An edge-triggered flip-flop is a component frequently employed in microelectronics for storing a binary value or “state”. This device is often formed by assembling two “latch” circuits together, which are referred to as master and slave. A latch circuit is a bistable structure composed of two inverters connected such that the output of the first inverter is fed back to its input via the second inverter. One of these inverters can be an inverter of the tri-state type.
The edge-triggered flip-flop has two distinct periods: a transparent period over a short time window around an edge of the clock signal; and an opaque or storage period lasting for the remainder of the time of the period, and in which the output of the flip-flop delivers the last information to pass through it during its preceding transparent state.
In the case of a flip-flop triggered on a rising edge, the first latch circuit is transparent when the clock signal is in the low state and opaque when the clock signal is in the high state. The second latch circuit is transparent when the clock signal is in the high state and opaque when the clock signal is in the low state. Thus, the resulting flip-flop is transparent during the rising edge of the clock signal.
The two latch circuits, master and slave, are connected in series via a switch. The switch can be conventionally formed in two ways: an inverter of the tri-state type composed of four transistors in series, two p-MOS transistors and two n-MOS transistors; or a switch of the pass-gate type composed of two transistors in parallel, one p-MOS transistor and one n-MOS transistor.

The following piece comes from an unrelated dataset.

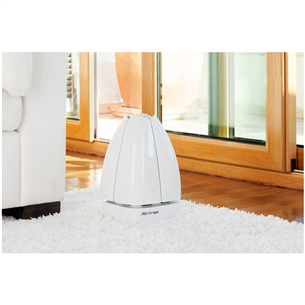 Air purifier Airfree Lotus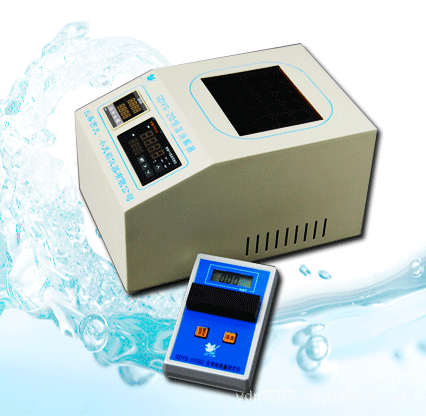 化学耗氧量快速测定仪 20分钟出结果 便携式COD测定仪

An edge-triggered flip-flop also comprises two feedback loops, where the outputs of the master and slave inverters are fed back to their respective inputs, and two power supplies, one main power supply being discontinuous and the other continuous. The feedback loops allow the states to be stored during a first mode, or active mode, in other words when the inverters are powered. In addition, the flip-flop comprises a retention means that allows the state of the flip-flop input data to be stored in an “inactive” mode, in other words when the main power supply is interrupted.
A first example of this type of flip-flop is the MTCMOS circuit described in the article “MTCMOS with outer feedback flip-flops,” IEEE 2003 (Mircea R. Stan et al.).
A second example relates to flip-flops known as “balloon storage loop flip-flops” described in the article “A 1V high-speed MTCMOS circuit scheme for power-down application circuits,” IEEE Journal of Solid State Circuits, Vol. 32, No. 6, June 1997 (Satoshi Shigematsu).
These existing devices are based on either the duplication of a latch circuit within the flip-flop, or the re-use of certain transistors in the flip-flop that are associated with switches, so as to construct an externally coupled inverter capable of storing the state. These devices require a large number of components and hence are relatively costly to produce.